I have many family ties to the defence industry. One of the employers that I will mention today is Thales, which used to trade as Barr and Stroud. Today is the anniversary of my grandfather’s death; he was employed by Barr and Stroud, where he met my grandmother, and they were married for 61 and a half years, so there are clear family ties to that employer. It was based in Anniesland in the city, but has moved to Govan, the former site of the Stephen shipyard—that is a different spelling and no relation—which is famous because Billy Connolly is a former employee. I have family ties and a real connection to the defence industry in Glasgow.
It is important, as the hon. Member for Moray outlined, that Government spending helps to support and promote prosperity across these islands. Ministry of Defence spending has the potential both to have a positive impact on Scotland’s economy and employment, and to help to balance the export deficit. I want to see the Government give a vote of confidence to manufacturing and engineering skills in Scotland by investing the defence pound in Scotland, and by encouraging foreign companies that are looking to maximise UK content to do the same.
At present, the lion’s share of MOD industry spending on Scottish industry goes, quite rightly, to shipbuilding and repairs.
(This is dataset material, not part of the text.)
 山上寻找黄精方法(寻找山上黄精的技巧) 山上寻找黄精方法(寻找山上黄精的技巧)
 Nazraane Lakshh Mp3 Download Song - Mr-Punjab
As one of the vice-chairs of the all-party parliamentary group on shipbuilding and ship repair, I have no particular problem with that, although I hope that in future, the Ministry of Defence will look at how it can help the shipyards become more efficient. When BBC journalists looked for a frigate factory that a former Secretary of State for Defence insisted was on the Clyde, they found only rubble and ash.
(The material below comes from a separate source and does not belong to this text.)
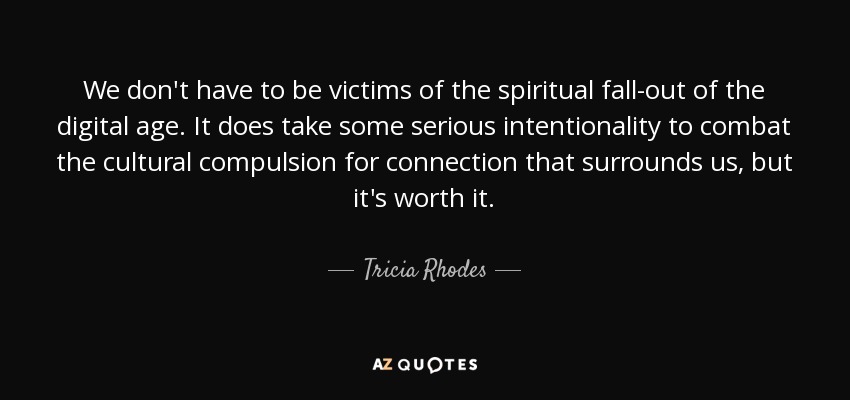 We don't have to be victims of the spiritual fall-out of the digital age. It does take some serious intentionality to combat the cultural compulsion for connection that surrounds us, but it's worth it. - Tricia Rhodes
While the shipbuilding industry must be supported—far be it from me to argue against that—I want to look at defence spending elsewhere. As the Minister knows, the Ministry of Defence is currently procuring key new land platforms, including the multi-role vehicle protected—MRVP—and the mechanised infantry vehicle, the MIV. That will be a significant spend, and the platforms will be vital to delivering the Army’s strike brigades, which are part of the backbone of its new structure.
The latest available figures on Ministry of Defence spending in Scotland show that in 2017-18, MOD expenditure in Scotland was £300 per capita. Scotland has had an increase in expenditure within UK industry, but of all the nations and regions of the UK, Scotland finds itself with the fourth-highest spend. As someone who watches Scottish football—the hon. Member for Moray will appreciate these comments—I know that a team who finish fourth are not currently guaranteed a UEFA place. I hope that the Minister will reflect on that figure.
In fact, spending in Scotland was less than half of the spending in the south-east and south-west of England—two regions that account for over half of MOD expenditure within UK industry. Approximately 10,000 jobs in Scotland were supported through MOD expenditure in 2017-18. A recent parliamentary question revealed that of the £1.59 billion that the MOD spent within Scottish industry, over £900 million was spent on shipbuilding and repair. It is important that no area becomes too reliant on a single industry.